Posted July 07, 2003 by publisher in Cuba Culture.
Dear Editor: Having read Luis Zuleta’s letter about freedom in Cuba and Venezuela, I have some further information to add regarding internet in Cuba. The best summary of the situation I have yet read is in Walter Lippman’s excellent article “Two Months in Cuba” in which you find:
“Almost no Cubans have internet access at home. Cubans have had e-mail access and computer training for two decades through computer youth clubs and schools. They had to wait for a connection to the internet, which became available in October, 1996. This opened up the graphical world and instant delivery. They have had internet e-mail, both domestic (for more people) and international (for fewer people), for many years prior to 1996.”
Only a few journalists, doctors and other scientists have e-mail at home. To check e-mail from elsewhere, foreigners have to use an internet cafe, such as the one at the Capitolio, where access is both slow and expensive at $5.00 an hour. You must present your passport, which is logged in at the desk, and Cubans can’t access the internet there. Students have net access at the University, but I wasn’t able to see under what conditions or limits.
Some Cubans have internet access at work. They are mostly people who work for foreign companies. Many Cubans have e-mail at their jobs, though without internet access. These limits are explained by the expense of the equipment (starting with computers), limited bandwidth and security considerations. The domestic Cuban intranet, however, has been built up over the last 20 years and is extensive. In a country where telephone service has been mostly unreliable, many businesses and universities use e-mail via the Cuban intranet to communicate.

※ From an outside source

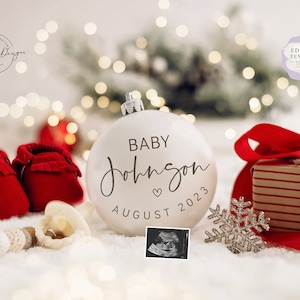 Christmas Digital Pregnancy Announcement \ Editable Template\ Baby Announcement \ Holidays\ Ornament \ Christmas Baby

A campaign that began in the Washington Post in December, 2000 claims that Cuba deliberately limits internet access to its citizens. It is hypocritical for the US, which does whatever it can to prevent Cuban access to technology, equipment and much else, to complain about this. Cuba is still a relatively poor Third World country. Its hard currency resources are kept for the highest priorities: health, education and self-preservation. Internet access is growing, but not as quickly as one would like. It’s far less widely available than in the US, where income rather than need is what decides.

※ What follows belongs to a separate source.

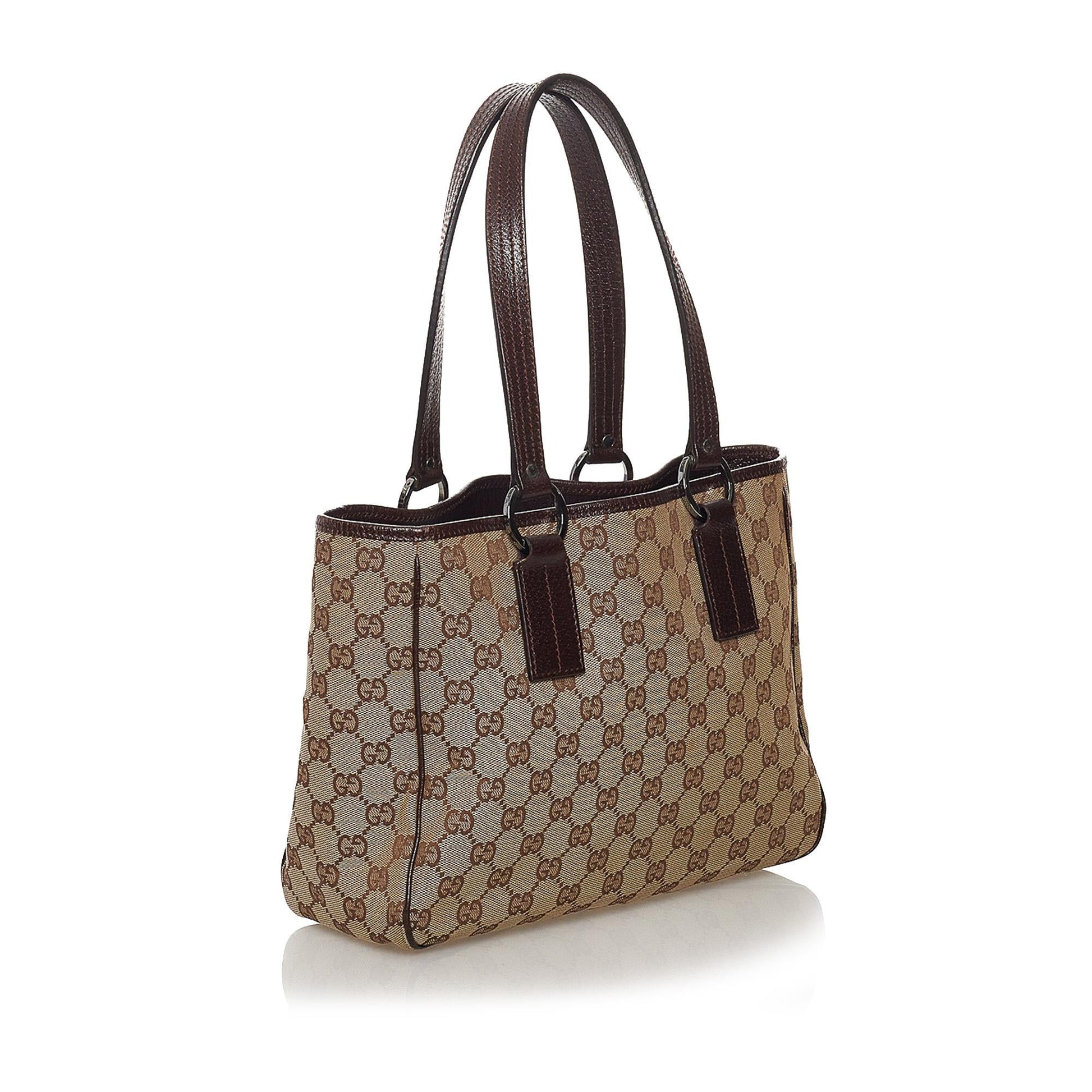 Gucci GG SHG Canvas Brown Tote Bag 35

All governments fear uncontrolled information ... in the US, we are drowned with massive amounts of information. By this means, important information (like favorable materials about Cuba!) can be drowned out where not eliminated totally.
Anyone seriously concerned about expanding access to the internet in Cuba should speak out to end the blockade. If Cuba didn’t have to do so much to defend itself, and if Cuba were free to purchase computers and all the technology needed with it, internet access would be far more available there than it is at present. And Cubans might begin to purchase software that they currently cannot buy legally from US companies.
More importantly, when the internet is “opened” and made more available in Cuba, I can’t imagine it would EVER be like it is in the USA. There will NOT be 11 million people sitting alone at home at 11 million individual terminals. Remember, Cubans still share phone lines. That will continue, and so will sharing of internet resources ... this is as much a cultural phenomenon as a resource-related one.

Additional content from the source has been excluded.